Until now, conventional measurement techniques, like that disclosed in the above identified U.S. Pat. No. 4,532,807, have relied on scanning a measurement surface over various differing time intervals with a single probe rather than using a plurality of probes to collect measurements over the same time interval. This is because commercially available matched two microphone probes are quite expensive; ranging in cost from $5000 to $10,000 each. Such a precision microphone pair is generally carefully matched by physically modifying the probe itself, resulting in an expensive probe designed for a special purpose. It would be labor intensive and far too costly to attempt to delicately adjust a plurality of such costly probes to have identical gain and phase characteristics in this manner. Based on these limitations, single probe scanning is typically used to obtain a distributed plurality of measurements necessarily taken over varying time intervals which must then be averaged to estimate a spatial sound intensity distribution. Such distributions of pressure or sound intensity are depicted using contour maps to graphically identify localized sound sources as disclosed in the subject patent. This process is too slow for on-line product sound testing.
It is recognized that speed as well as effective background noise elimination can be obtained for on-line product sound testing by determining the total sound power emitted by a product directly according to equation (1). However, heretofore collecting measurements over the same time interval using a plurality of correlated probes has been unduly prohibitive. Providing such as useful plurality of measurements necessitates calibrating each microphone pair comprising each probe in the plurality in a simultaneous and practical way.
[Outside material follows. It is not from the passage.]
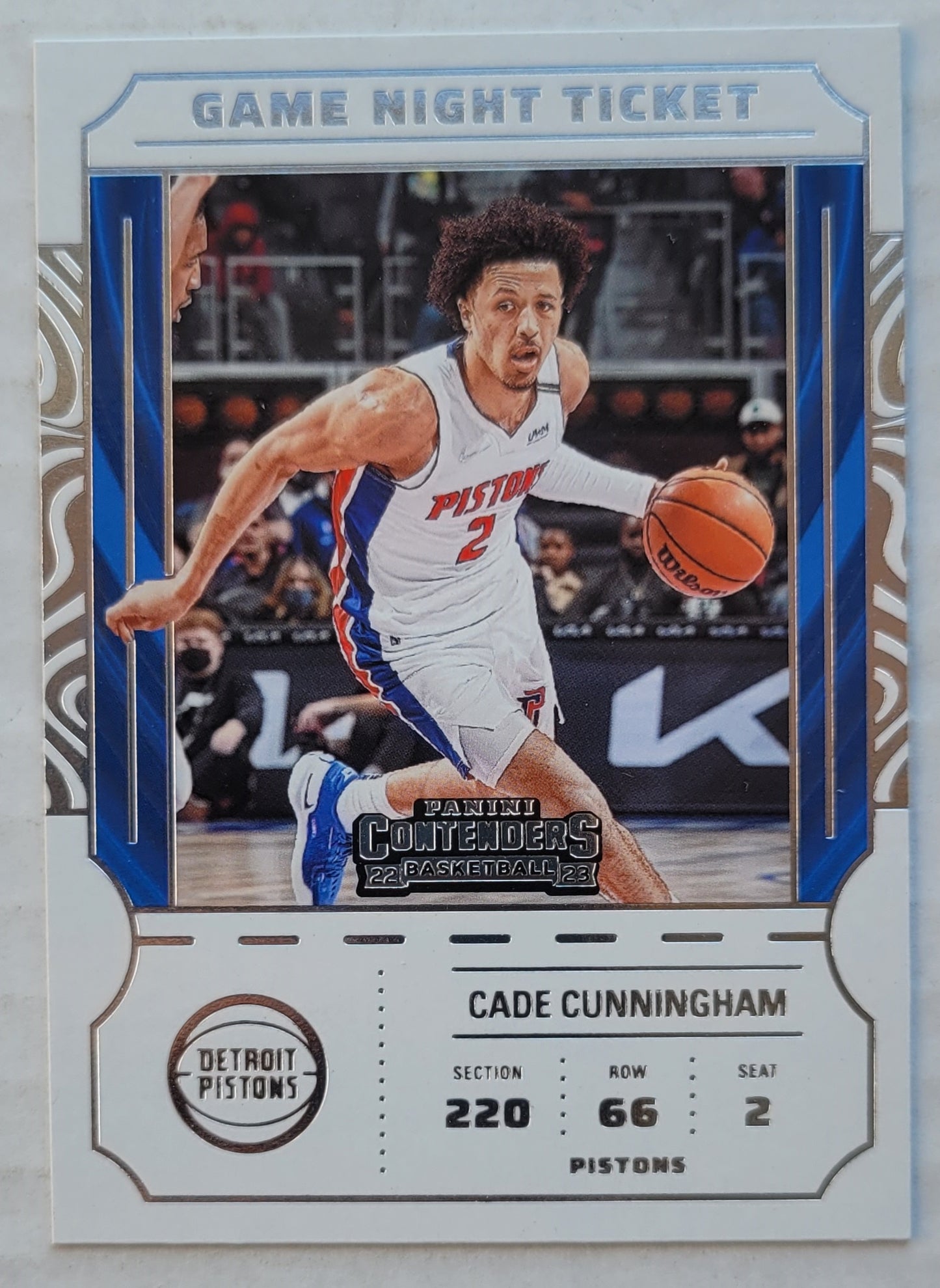 Cade Cunningham - 2022-23 Panini Contenders Game Night Ticket #8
The present invention has for an object the elimination of the drawbacks mentioned above and provides a method and apparatus for rapidly determining the total sound power emitted by a source in an environment of background noise. The apparatus provides an effective noise elimination feature using a convenient, portable, multiprobe array equipped with inexpensive, rugged, replaceable, microphone pairs which can be easily calibrated for rapidly collecting a plurality of measurements over the same time interval in a substantially lossless acoustic environment.